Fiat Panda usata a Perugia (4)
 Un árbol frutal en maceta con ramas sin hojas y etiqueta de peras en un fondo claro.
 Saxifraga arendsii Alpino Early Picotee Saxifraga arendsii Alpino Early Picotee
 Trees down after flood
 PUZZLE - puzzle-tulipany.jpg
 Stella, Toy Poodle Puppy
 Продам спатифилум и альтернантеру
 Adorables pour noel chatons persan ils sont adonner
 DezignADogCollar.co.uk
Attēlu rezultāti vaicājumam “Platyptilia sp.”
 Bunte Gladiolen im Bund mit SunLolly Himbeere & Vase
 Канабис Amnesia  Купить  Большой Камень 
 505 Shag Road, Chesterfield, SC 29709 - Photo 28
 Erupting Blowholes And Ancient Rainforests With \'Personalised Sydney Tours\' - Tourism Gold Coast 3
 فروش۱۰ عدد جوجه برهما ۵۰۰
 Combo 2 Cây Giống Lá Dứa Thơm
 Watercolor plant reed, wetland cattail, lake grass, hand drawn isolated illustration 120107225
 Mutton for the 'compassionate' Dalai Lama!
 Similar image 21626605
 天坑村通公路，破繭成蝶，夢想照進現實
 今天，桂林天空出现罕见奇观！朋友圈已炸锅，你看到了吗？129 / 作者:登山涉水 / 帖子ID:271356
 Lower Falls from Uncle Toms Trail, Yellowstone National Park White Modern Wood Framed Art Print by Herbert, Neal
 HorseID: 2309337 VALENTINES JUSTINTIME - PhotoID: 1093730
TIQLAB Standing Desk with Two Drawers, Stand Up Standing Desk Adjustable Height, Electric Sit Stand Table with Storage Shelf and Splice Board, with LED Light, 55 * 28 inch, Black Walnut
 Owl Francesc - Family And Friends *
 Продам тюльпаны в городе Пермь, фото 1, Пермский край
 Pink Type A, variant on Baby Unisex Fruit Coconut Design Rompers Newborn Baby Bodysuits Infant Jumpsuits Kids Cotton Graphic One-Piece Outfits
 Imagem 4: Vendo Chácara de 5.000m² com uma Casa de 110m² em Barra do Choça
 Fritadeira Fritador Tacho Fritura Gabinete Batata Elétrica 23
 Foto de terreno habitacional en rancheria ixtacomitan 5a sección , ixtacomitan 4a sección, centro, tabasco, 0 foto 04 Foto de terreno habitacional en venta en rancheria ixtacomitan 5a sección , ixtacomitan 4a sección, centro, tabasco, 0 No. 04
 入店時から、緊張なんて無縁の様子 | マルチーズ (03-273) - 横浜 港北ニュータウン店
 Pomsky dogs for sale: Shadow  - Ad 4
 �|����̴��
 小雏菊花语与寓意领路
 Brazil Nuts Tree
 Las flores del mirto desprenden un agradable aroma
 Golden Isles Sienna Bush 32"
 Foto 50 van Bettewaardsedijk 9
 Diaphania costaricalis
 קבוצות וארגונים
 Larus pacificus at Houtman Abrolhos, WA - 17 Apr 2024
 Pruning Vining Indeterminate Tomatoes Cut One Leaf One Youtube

* * * * *

:: WHAT THE TASK REQUIRES ::
Your task is to output exactly the lines running from the one with "קבוצות וארגונים" through the final line of the material above, with both ends included.

:: OUTPUT BELOW ::
 קבוצות וארגונים
 Larus pacificus at Houtman Abrolhos, WA - 17 Apr 2024
 Pruning Vining Indeterminate Tomatoes Cut One Leaf One Youtube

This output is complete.